Additionally, continuous aeration was tested. Since NOB suppression, in this case, could no longer be accomplished by alternating aerobic and anoxic intervals, NOB activity was manually set to zero to ensure comparable boundary conditions.
The results confirmed that the higher the aerated time per day, the lower the AOB-related NH4-N conversion rate. Accordingly, since N2O formation is coupled with the AOB-related NH4-N conversion rate, a strong decrease in N2O emissions caused by AOB could be observed for a longer aerated time per day (exception: “15/15” in SBR). Furthermore, as increased N2O formation by AOB was observed at the beginning of the anoxic phase, a low number of aeration cycles also has a positive effect (see aeration cycles “15/15” and “30/30” in Figure 6).
Higher fluctuations of the NH4-N conversion rate were found in the SBR. This was related to a lower fluctuation of the total active biomass in the system.

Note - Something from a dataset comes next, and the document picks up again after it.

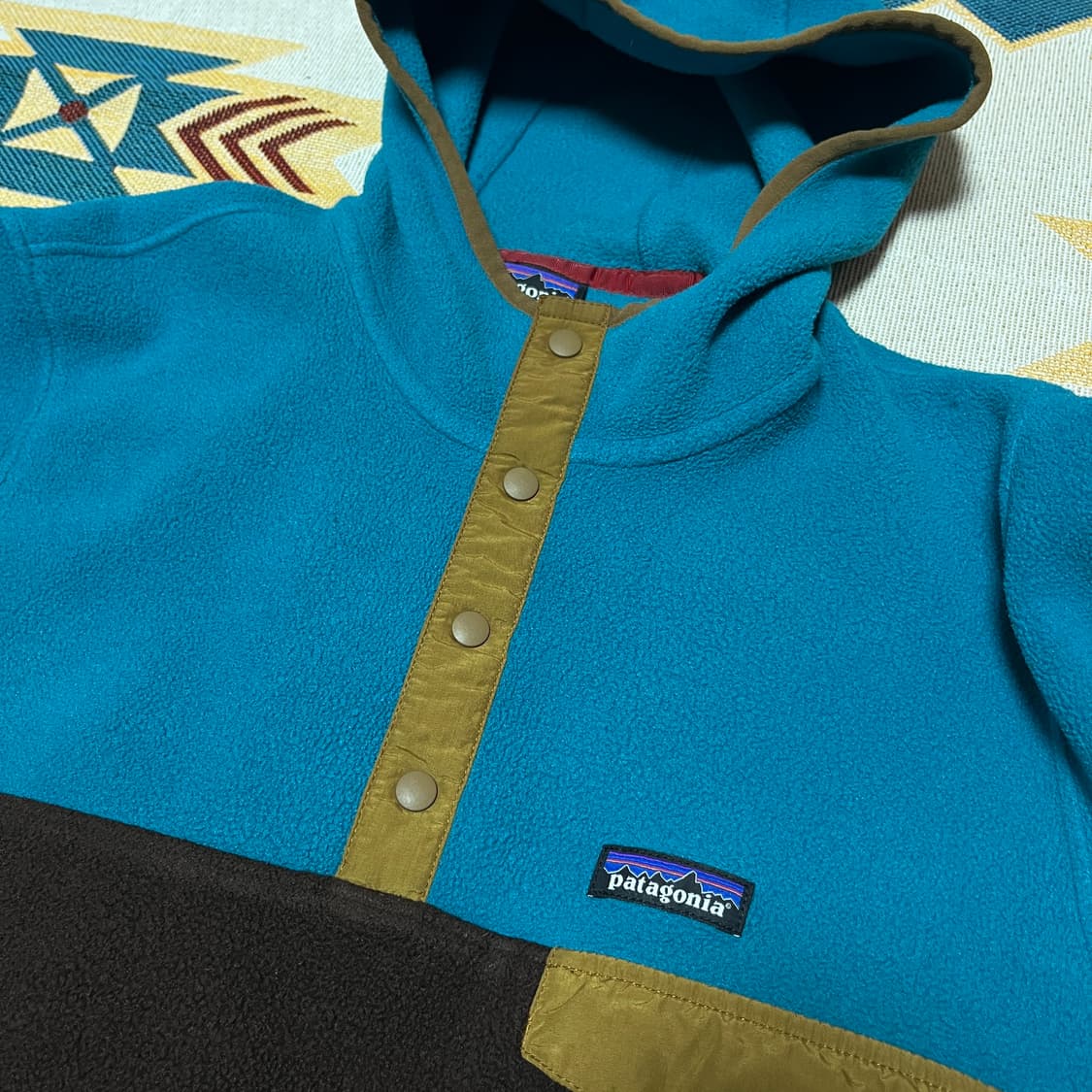 파타고니아 신칠라 후드 스냅티 m 상품이미지4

In the SBR reactor, the biomass was directly coupled to the influent (the influent contained microorganisms); in addition, biomass was withdrawn during the decanting phase. Both effects influenced the steady-state biomass concentration. As a consequence, the AOB-related NH4-N conversion rate was mainly influenced by the aerated time per day (the converted NH4-load and biomass concentration were constant). In the biofilm reactor, the fluctuations in the AOB-related NH4-N conversion rate were much less pronounced and generally much lower than those in the SBR. Already in the baseline scenario, the conversion rates below the upper threshold for the determination of the N2O emission factor were calculated. This was due to the possibility of maintaining a higher AOB mass, especially in high-load/stress situations (e.g., aeration cycle “15/30”: 49.5 g of AOB in the SBR and 69.9 g of AOB in the biofilm reactor) for a short period. With an increased aerated time per day, the AOB mass declined (e.g., aeration cycle “30/15”: 40 g of AOB in the biofilm reactor) because lower specific conversion rates were already sufficient for reaching the maximum NH4-N conversion achievable under the given boundary conditions. A high AOB mass can only be maintained long-term if repeating high-load situations occur.
As expected, HET contributed more to N2O emissions as the length of the anoxic phase increased. Since aerobic conditions still prevailed at the beginning of the unaerated phase, longer unaerated phases were associated with longer anoxic phases and higher levels of N2O formation. Thus, higher levels of N2O formation were observed in the two scenarios with a 30 min unaerated phase. Moreover, a lower number of aeration cycles was associated with increased N2O formation by HET, compensating for the decreased N2O formation by AOB in the biofilm reactor.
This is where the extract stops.